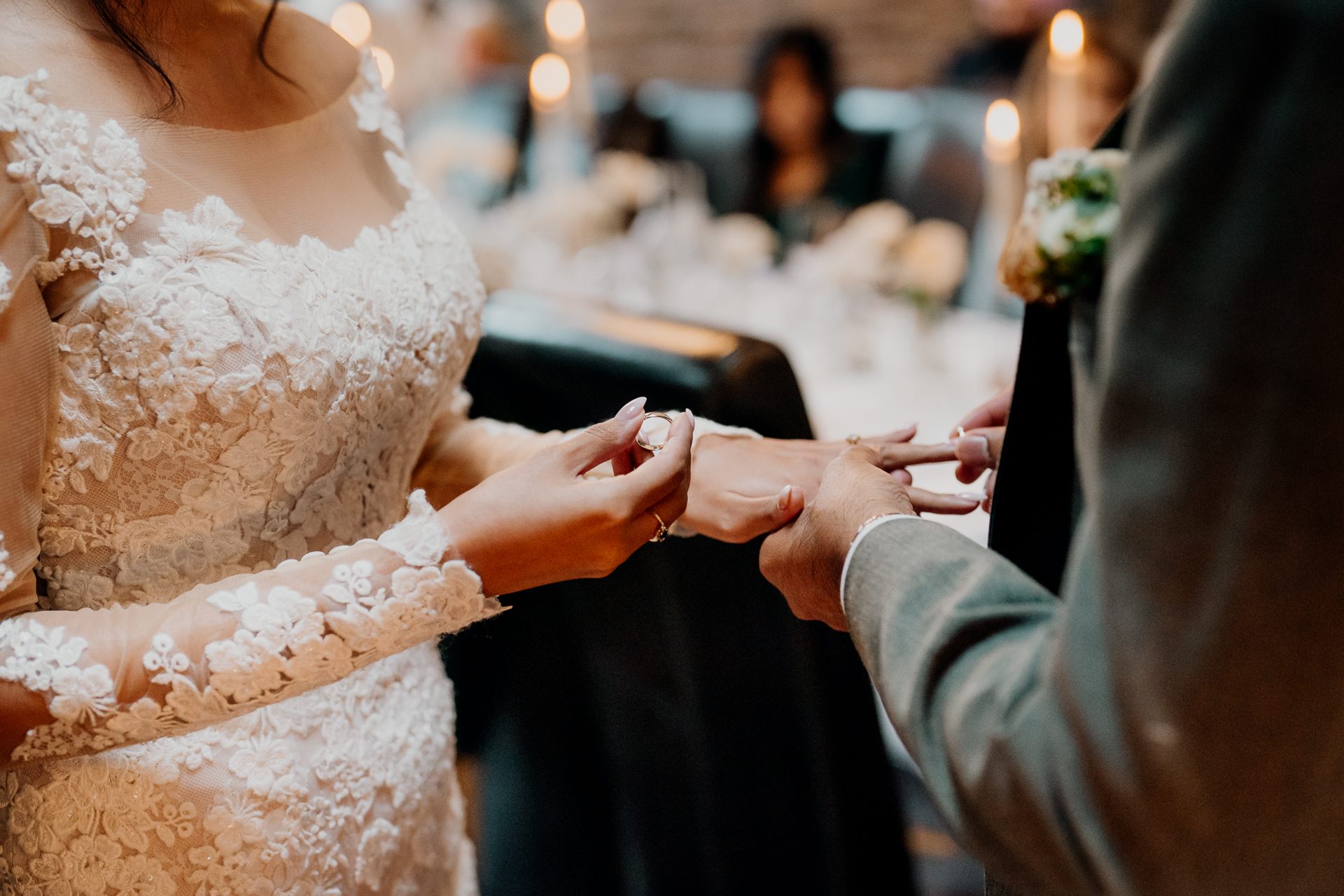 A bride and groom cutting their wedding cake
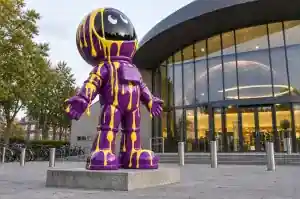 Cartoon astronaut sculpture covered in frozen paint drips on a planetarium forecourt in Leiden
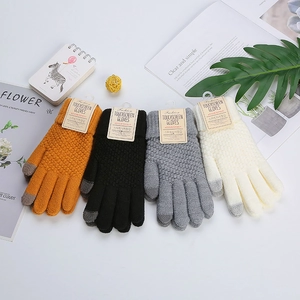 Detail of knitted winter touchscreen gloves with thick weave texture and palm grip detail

• Exercise objective: Your copy should match the data exactly, apart from the images, which are dropped.

• Expected answer:
 A bride and groom cutting their wedding cake
 Cartoon astronaut sculpture covered in frozen paint drips on a planetarium forecourt in Leiden
 Detail of knitted winter touchscreen gloves with thick weave texture and palm grip detail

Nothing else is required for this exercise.